◆ The problem: Using the data below, reproduce exactly the lines from the line with "New Genune Kawasaki" to the line with "Property photo 3 of 6 Hallway.Jpg", both included; pictures must be dropped.

◆ Task material:
☆ ☆ ☆ ☆

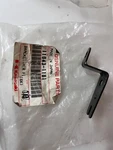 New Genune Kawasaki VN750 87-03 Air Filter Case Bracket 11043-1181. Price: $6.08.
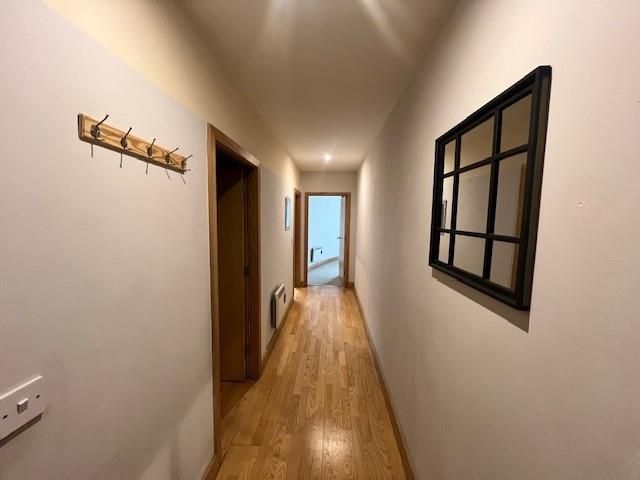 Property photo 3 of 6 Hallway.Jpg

☆ ☆ ☆ ☆

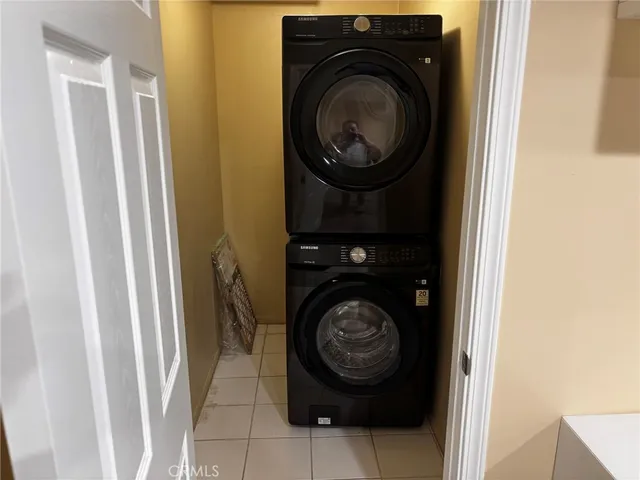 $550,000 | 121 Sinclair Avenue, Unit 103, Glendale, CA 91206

☆ ☆ ☆ ☆

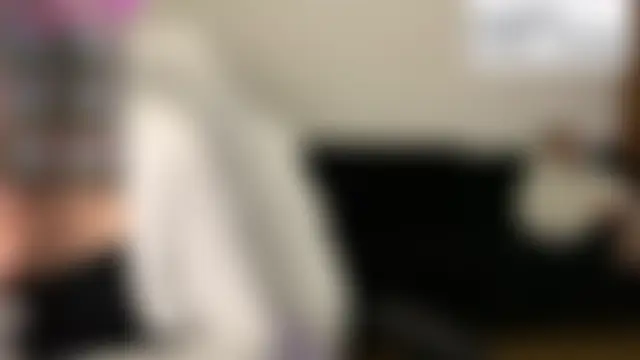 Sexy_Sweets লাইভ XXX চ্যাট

☆ ☆ ☆ ☆

◆ Solved exercise:
 New Genune Kawasaki VN750 87-03 Air Filter Case Bracket 11043-1181. Price: $6.08.
 Property photo 3 of 6 Hallway.Jpg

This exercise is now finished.